▶ [Task description]
Make a verbatim copy of all the records. Skip every image.

(Scraped caption text data)
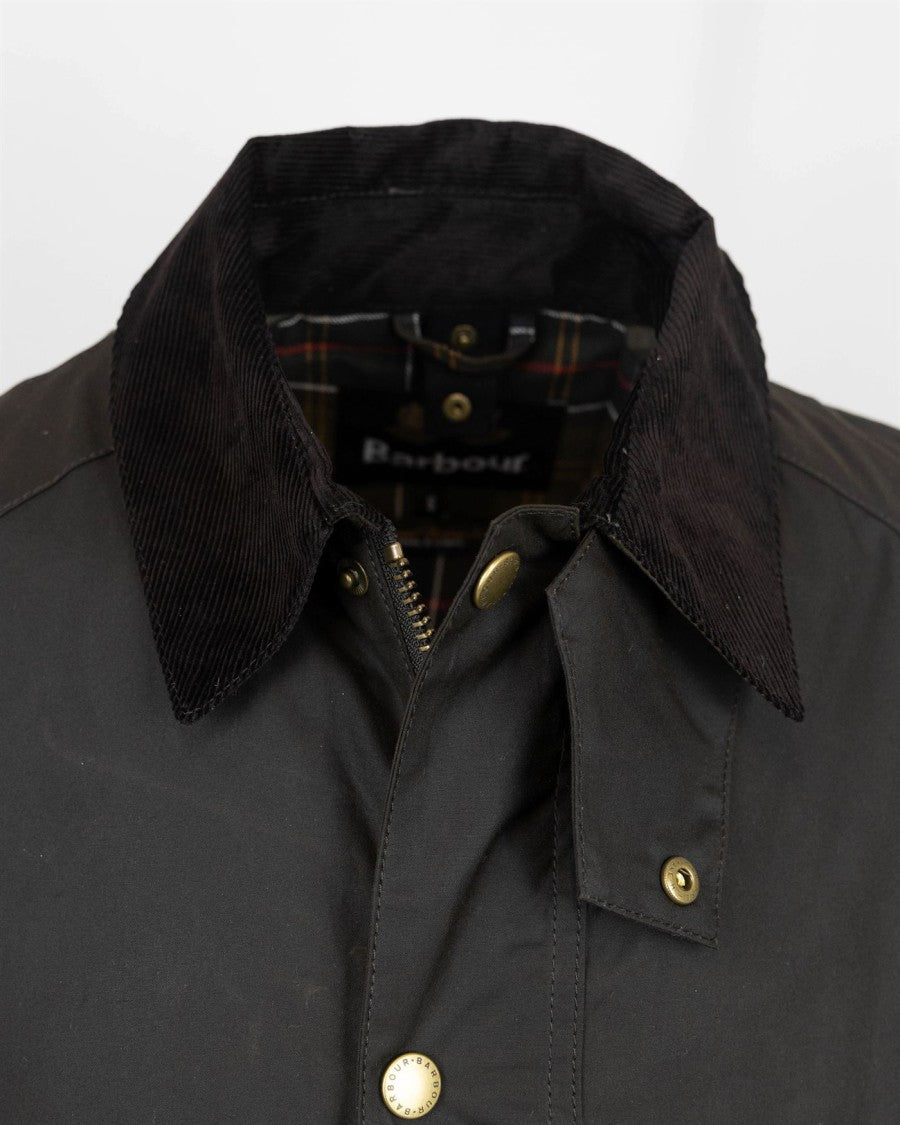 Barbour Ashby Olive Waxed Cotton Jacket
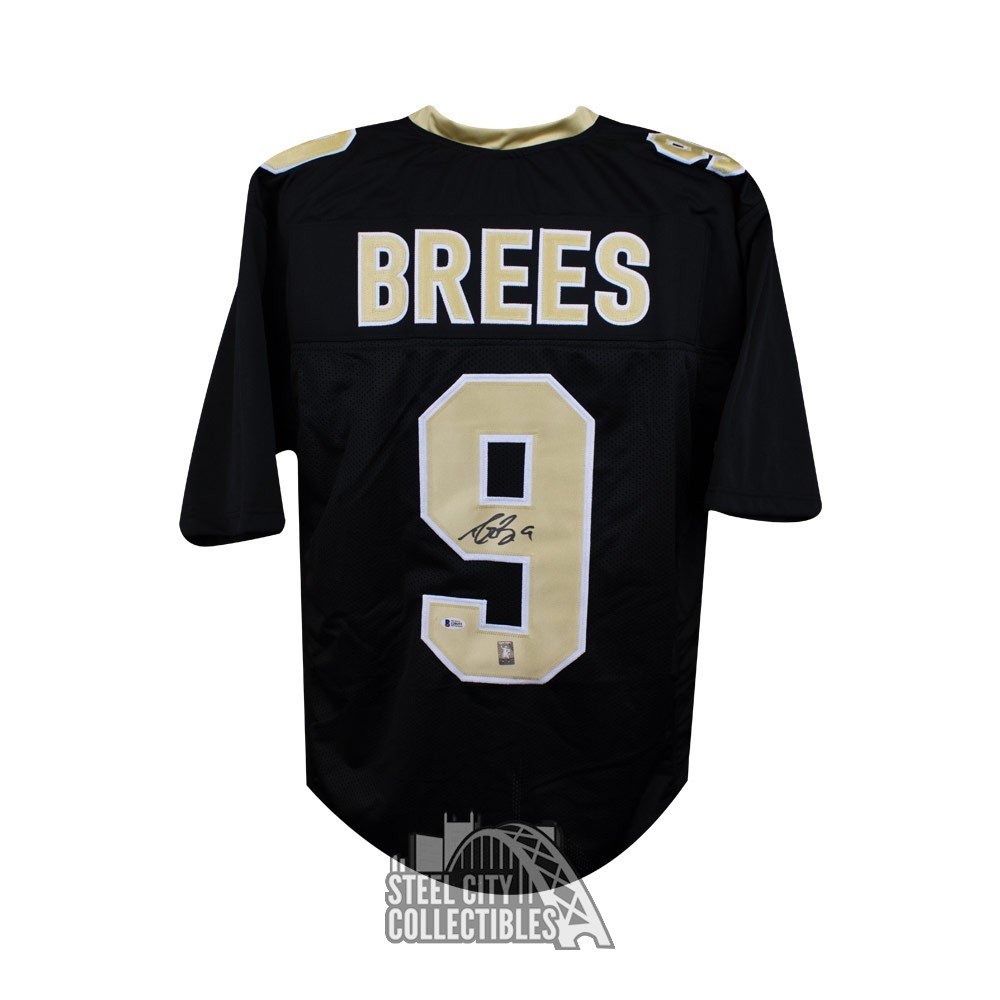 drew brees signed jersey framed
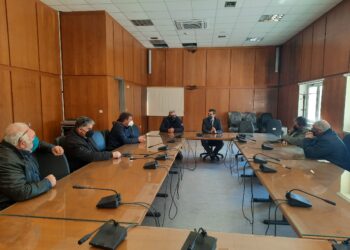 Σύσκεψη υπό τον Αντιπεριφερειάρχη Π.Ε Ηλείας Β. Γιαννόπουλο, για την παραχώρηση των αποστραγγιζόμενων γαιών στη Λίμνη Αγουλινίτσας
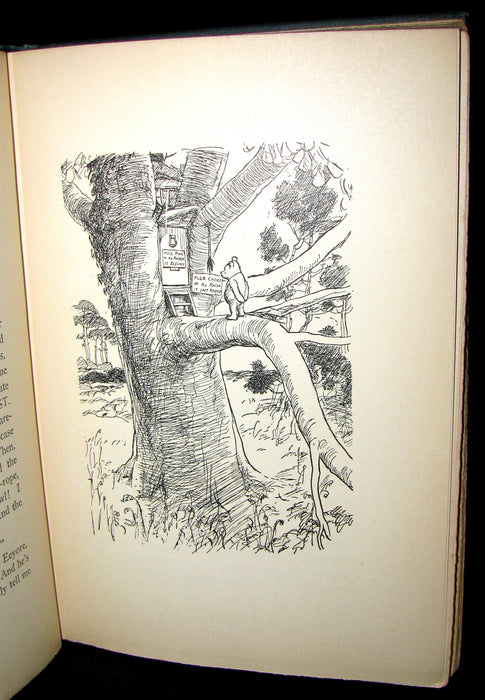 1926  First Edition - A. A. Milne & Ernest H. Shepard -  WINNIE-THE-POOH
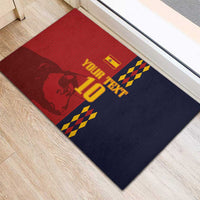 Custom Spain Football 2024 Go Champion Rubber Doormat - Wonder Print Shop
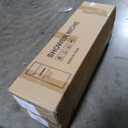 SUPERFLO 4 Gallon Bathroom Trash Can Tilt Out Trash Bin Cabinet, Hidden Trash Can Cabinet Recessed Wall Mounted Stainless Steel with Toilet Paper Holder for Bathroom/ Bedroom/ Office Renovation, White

▶ [Output of the task]
 Barbour Ashby Olive Waxed Cotton Jacket
 drew brees signed jersey framed
 Σύσκεψη υπό τον Αντιπεριφερειάρχη Π.Ε Ηλείας Β. Γιαννόπουλο, για την παραχώρηση των αποστραγγιζόμενων γαιών στη Λίμνη Αγουλινίτσας
 1926  First Edition - A. A. Milne & Ernest H. Shepard -  WINNIE-THE-POOH
 Custom Spain Football 2024 Go Champion Rubber Doormat - Wonder Print Shop
 SUPERFLO 4 Gallon Bathroom Trash Can Tilt Out Trash Bin Cabinet, Hidden Trash Can Cabinet Recessed Wall Mounted Stainless Steel with Toilet Paper Holder for Bathroom/ Bedroom/ Office Renovation, White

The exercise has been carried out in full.